Он загоготал и поднял руку. Я шлепнула его по пятерне и услышала щелчок открывающегося турникета.
— Приятного аппетита, Энди! — прокричал он, все еще ухмыляясь.
— Тебе тоже, Эдуардо, тебе тоже.
В лифте, к счастью, обошлось без происшествий, и, только оказавшись перед дверью секретарской, я решила, что не могу уволиться. Тем более не могу сделать это, не подготовившись; она, вполне вероятно, просто посмотрит на меня и скажет: «Нет, я не разрешаю вам увольняться», — и что я ей отвечу? И потом, ведь это всего лишь на год, один только год, чтобы избавить себя от множества грядущих неприятностей. Единственный год, триста шестьдесят пять дней, поразгребать этот мусор, чтобы потом получить желаемое. Не так уж это и трудно, а я к тому же слишком устала, чтобы искать другую работу. Еще как устала.

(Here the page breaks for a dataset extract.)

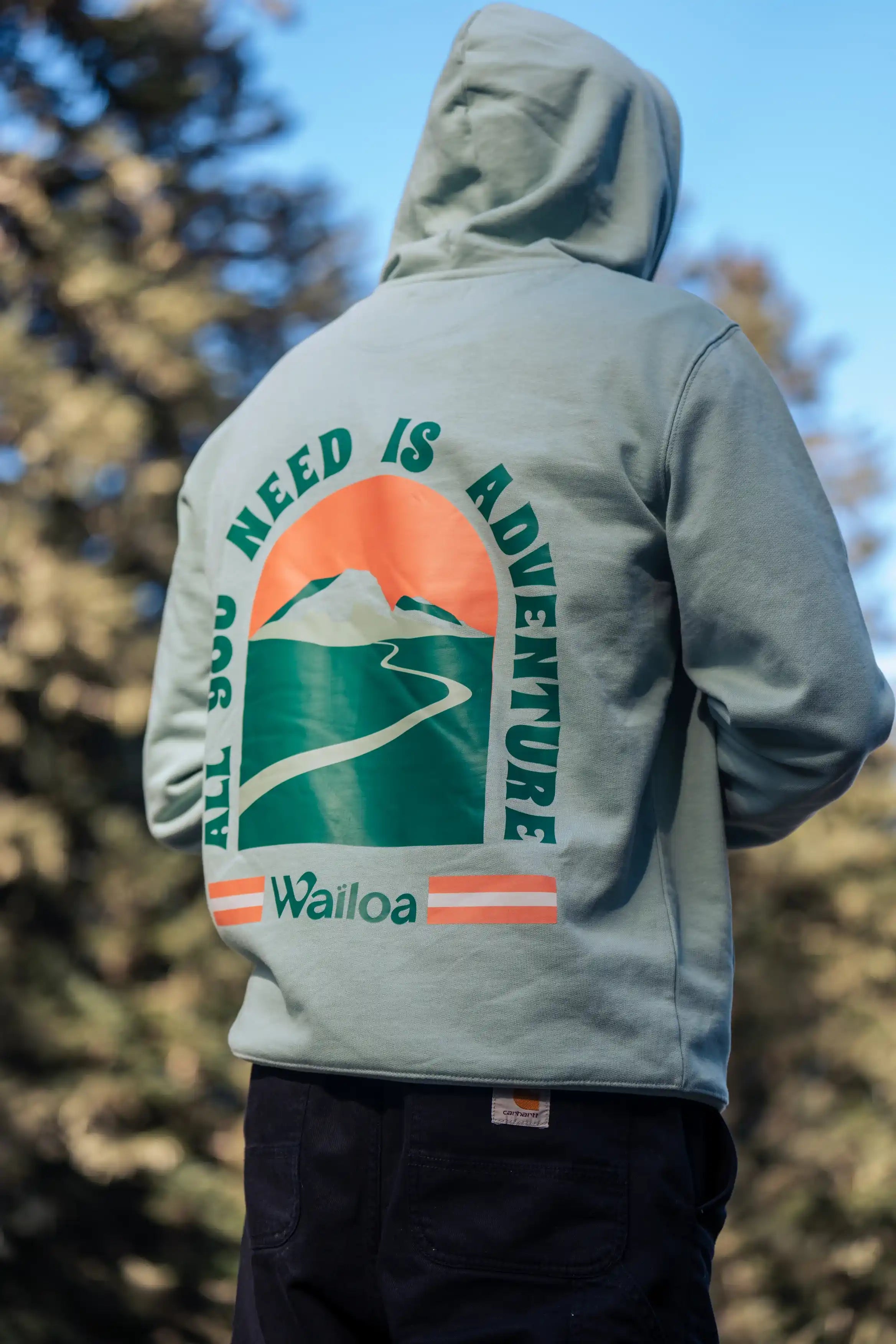 Sweat Wander vert d'eau Homme – Waïloa (vue 2)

Я вошла. Эмили посмотрела на меня.
— Она сейчас вернется, ее только что вызвали к мистеру Равицу. Правда, Андреа, почему ты так долго? Ты же знаешь, когда ты задерживаешься, она наезжает на меня, а что я могу ей сказать? Что ты куришь, вместо того чтобы покупать ей кофе, и болтаешь со своим парнем, вместо того чтобы принести ей обед? Это нечестно, это просто несправедливо. — И она снова повернулась к компьютеру, лицо ее выражало безнадежность.
Она была права, конечно. Это было несправедливо. По отношению ко мне, к ней, ко всему хоть сколько-нибудь цивилизованному человечеству. И я раскаивалась, что еще больше усложняю ей жизнь — как случалось всякий раз, когда я урывала несколько лишних минут, чтобы прогуляться и проветриться. Потому что за каждую минуту, которую я урывала, Миранда безжалостно отыгрывалась на Эмили. И я поклялась, что буду стараться.
— Ты абсолютно права, Эм. Прости, пожалуйста. Я буду стараться.
Она искренне удивилась и даже обрадовалась.
— Спасибо, Андреа. Я ведь делала твою работу, я знаю, как это тяжело. Поверь, бывали дни, когда я по пять, по шесть, по семь раз в день ходила ей за кофе — и в снег ходила, и в слякоть, и в дождь. Я так уставала, что едва шла, я знаю, каково это! Иногда она звонила мне и спрашивала, где ее кофе, ее обед, где ее особая паста для чувствительной эмали зубов, — было приятно узнать, что хотя бы ее зубы обладают чувствительностью, — когда я даже еще не вышла из здания. Даже не вышла на улицу! В этом вся она, Энди, тут уж ничего не поделаешь. Ты не можешь бороться с этим — ты просто не выживешь. Она не специально мучает тебя, ей это и в голову не приходит. Просто она такая.
Я понимающе кивнула, но внутренне не смирилась. Я никогда не работала нигде, кроме «Подиума», но мне не верилось, что все начальники ведут себя так же. Но может, я ошибалась?